◆ **Exercise data**
****
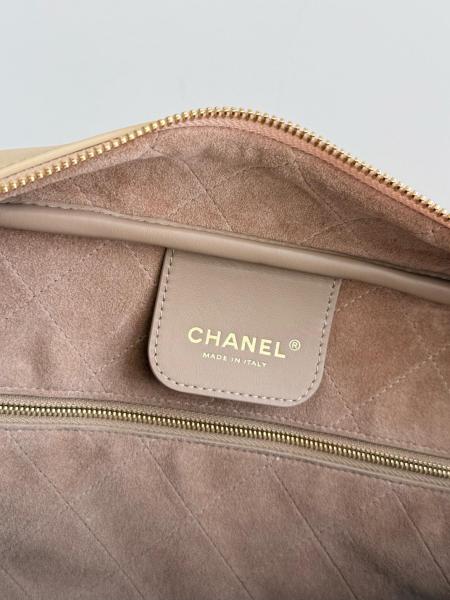 CHANEL Large Bowling Bag Calfskin & Gold Metal Shoulder Bags Large Women's Beige AS6211-B23874-U8372 L35.6*W12.5*H19cm
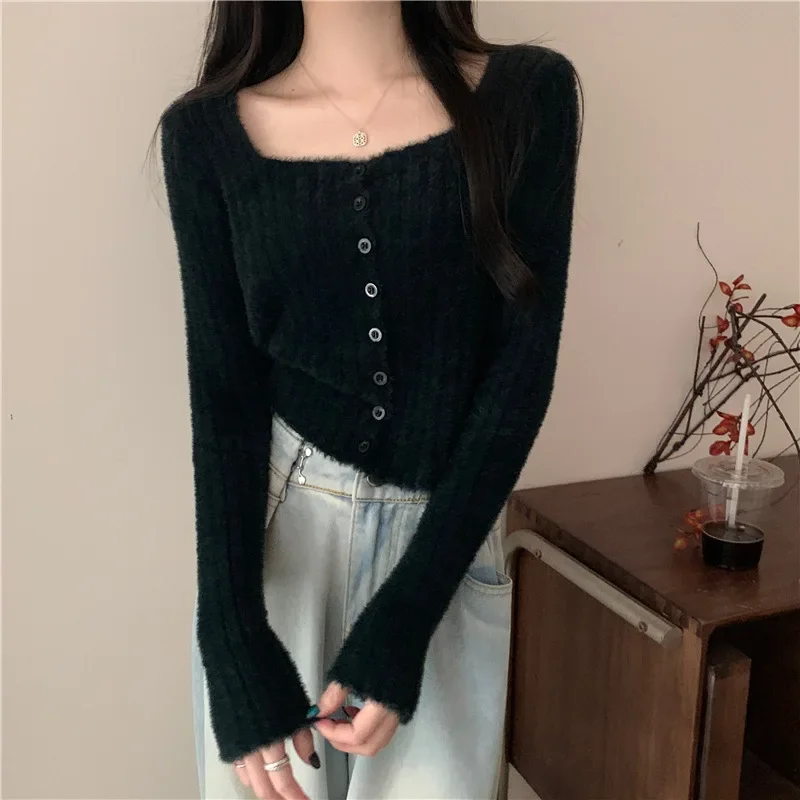 Женский трикотажный топ с квадратным вырезом укороченный длинным рукавом из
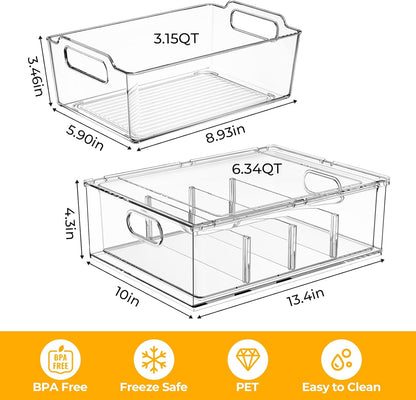 2 Pack Refrigerator Organizer Bins Stackable Fridge Organizer Set with Pull-out Drawer Clear Vegetable Fruit Storage Containers for Kitchen Pantry Organization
****
◆ **Task goal**
Please return the listing above exactly and leave every picture out.

◆ **Result of the task**
 CHANEL Large Bowling Bag Calfskin & Gold Metal Shoulder Bags Large Women's Beige AS6211-B23874-U8372 L35.6*W12.5*H19cm
 Женский трикотажный топ с квадратным вырезом укороченный длинным рукавом из
 2 Pack Refrigerator Organizer Bins Stackable Fridge Organizer Set with Pull-out Drawer Clear Vegetable Fruit Storage Containers for Kitchen Pantry Organization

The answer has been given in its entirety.